United States District Court, W.D. Virginia, Big Stone Gap Division

April 29, 2015


Zachary T. Lee, Assistant United States Attorney, Abingdon, Virginia, for United States.

Brian J. Beck, Assistant Federal Public Defender, Abingdon, Virginia, for Defendant.


JAMES P. JONES, District Judge.

Defendant Stephen Alexander Fritz, a federal inmate sentenced by this court, seeks a sentence reduction pursuant to 18 U.S.C. § 3582(c)(2), based upon the two-level reduction in the drug guideline ranges adopted by Amendment 782 to the U.S. Sentencing Guidelines Manual ("USSG") and made retroactive by USSG § 1B1.10(d).

Fritz filed a pro se motion seeking this relief on February 9, 2015. The motion was denied by Order entered February 20, 2015, on the ground that Fritz is ineligible for a sentence reduction because he was sentenced as a Career Offender, rather than with reference to the drug guideline ranges. No appeal was noted, but on April 16, 2015, a second motion was filed on Fritz's behalf by present counsel, in which additional legal arguments were presented. On April 21, 2015, counsel filed an amended motion, adding exhibits relating to Fritz's accomplishments while in prison. The government was given an opportunity to file a response, but has declined to do so, and the motion and amended motion are thus ripe for decision.

While the prior denial of relief is a sufficient basis to deny the latest motions, in light of the fact that Fritz's original motion was presented without the benefit of counsel, I will consider the new legal grounds asserted. In the end, however, I continue to find that Fritz is ineligible for a reduced sentence.


Fritz contends that he is eligible for a sentence reduction despite having been sentenced as a Career Offender. Further, Fritz contends that he should receive a new sentence comparably below the amended guideline range to his prior, below-guidelines sentence on the ground that he substantially assisted the government, despite not having received a government-sponsored substantial assistance motion. Because USSG § 1B1.10 does not permit sentence reductions where the offender was sentenced as a Career Offender, nor does it permit a reduction below the amended guidelines on the basis of substantial assistance absent a government-sponsored motion, I find that this court has no authority to reduce Fritz's sentence. Therefore, the motion for a sentence reduction must be denied.

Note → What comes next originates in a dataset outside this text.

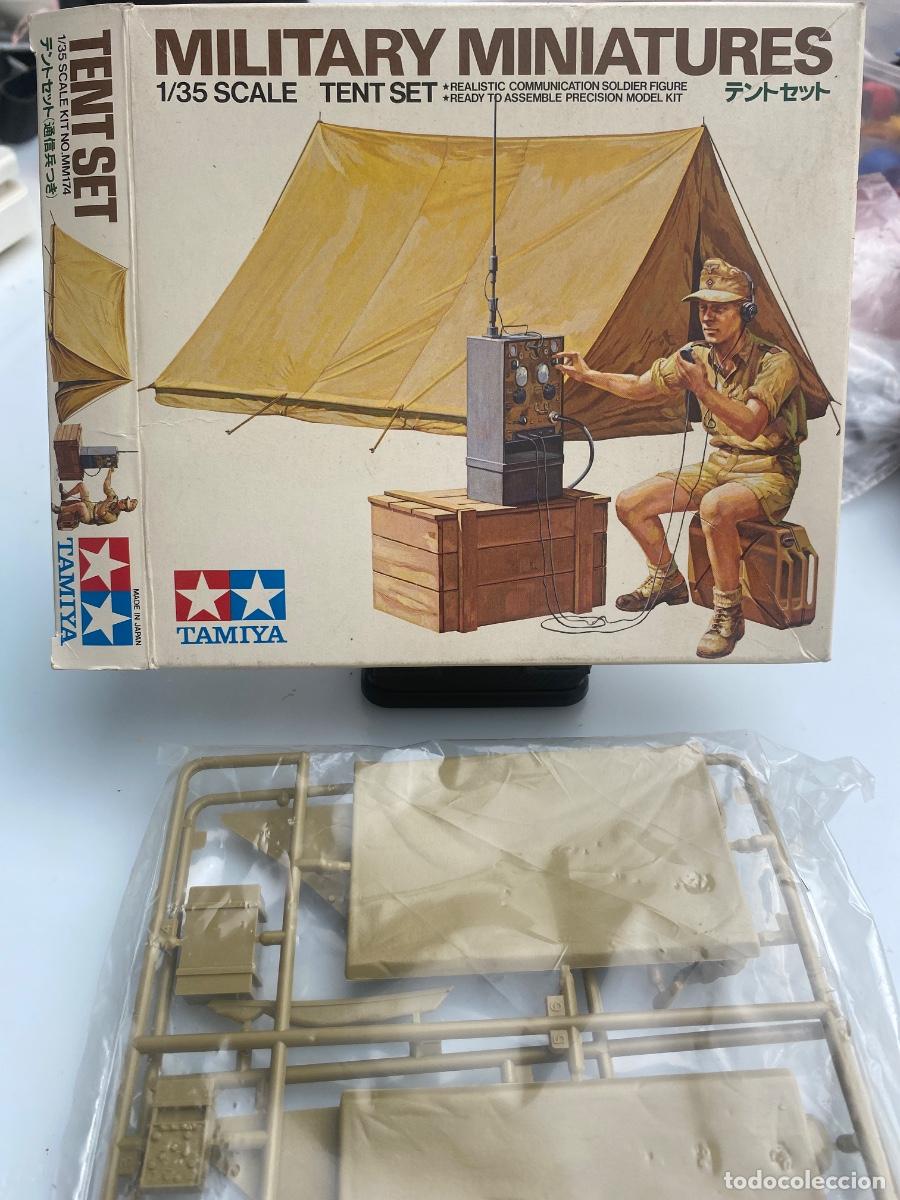 Maquetas: Maqueta accesorios segunda guerra Tamiya 1/35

On October 3, 2013, following Fritz's guilty plea pursuant to a written plea agreement, I sentenced him to a 108-month prison term for conspiring to possess with the intent to distribute oxycodone, a controlled substance, in violation of 21 U.S.C. §§ 841(b)(1)(C) and 846. Fritz's Base Offense Level under the drug offense guidelines was 32. Due to his prior felony convictions, Fritz was designated a Career Offender and sentenced under the Career Offender guideline, with a Base Offense Level of 32. See USSG § 4B1.1(a). With adjustments for acceptance of responsibility, Fritz's Total Offense Level was 29, with a Criminal History Category of VI, resulting in an advisory imprisonment range of 151 to 188 months. At sentencing, I varied below the guideline range, and sentenced him to 108 months imprisonment. (Statement of Reasons, ECF No. 185.) Had Fritz not been sentenced as a Career Offender, but under the drug guidelines, his Criminal History Category would have been IV, with an advisory imprisonment range of 121 to 151 months. USSG, ch. 5, pt. A, Sentencing Table.[1]

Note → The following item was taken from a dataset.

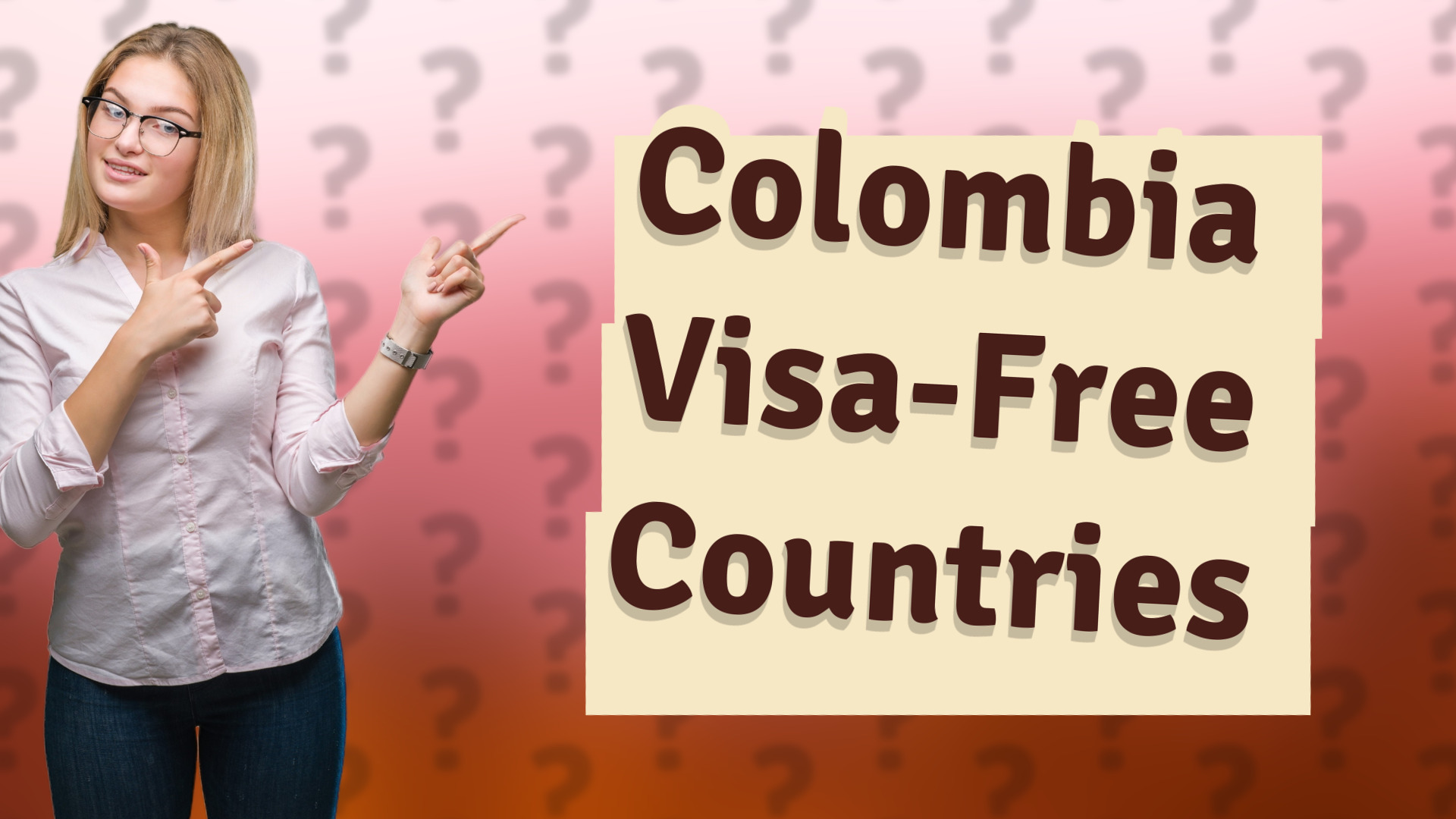 Colombia Visa-Free Countries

On April 30, 2014, the U.S. Sentencing Commission submitted to Congress a proposed amendment to the Sentencing Guidelines that would revise the guidelines applicable to drug trafficking offenses, effective November 1, 2014. The drug amendment, designated Amendment 782, generally reduces by two levels the offense levels assigned to the drug quantities described in USSG § 2D1.1. Fritz now seeks a reduction in sentence based upon a two-level reduction in his Base Offense Level to 27, but with the Career Offender Criminal History Category of VI, which produces a sentencing range of 130 to 162 months. He suggests that because his actual sentence was below that recalculated range, he should receive a "comparable reduction" to 93 months. (Amended Mot. 3, ECF No. 248.)

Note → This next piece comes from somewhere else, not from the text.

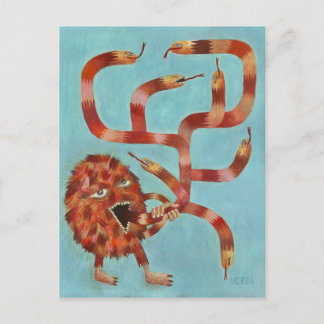 Cartão Postal Monsterbação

Section 3582(c)(2) "does not authorize a sentencing or resentencing proceeding, " but instead "provides for the modification of a term of imprisonment by giving courts the power to reduce an otherwise final sentence in circumstances specified by the [Sentencing] Commission." Dillon v. United States, 560 U.S. 817, 825 (2010) (internal quotations and alterations omitted). Sentence reductions pursuant to § 3582(c)(2) involve a two-step inquiry. The "court must first determine that a reduction is consistent with § 1B1.10 before it may consider whether the authorized reduction is warranted, either in whole or in part, according to the factors set forth in § 3553(a)." Id. at 826. Regarding the first step, "[a] reduction under § 3582(c)(2) "is not authorized' if an amendment does not have the effect of lowering the defendant's applicable guideline range.'" United States v. Munn, 595 F.3d 183, 187 (4th Cir. 2010) (quoting USSG § 1B1.10(a)(2)(B)).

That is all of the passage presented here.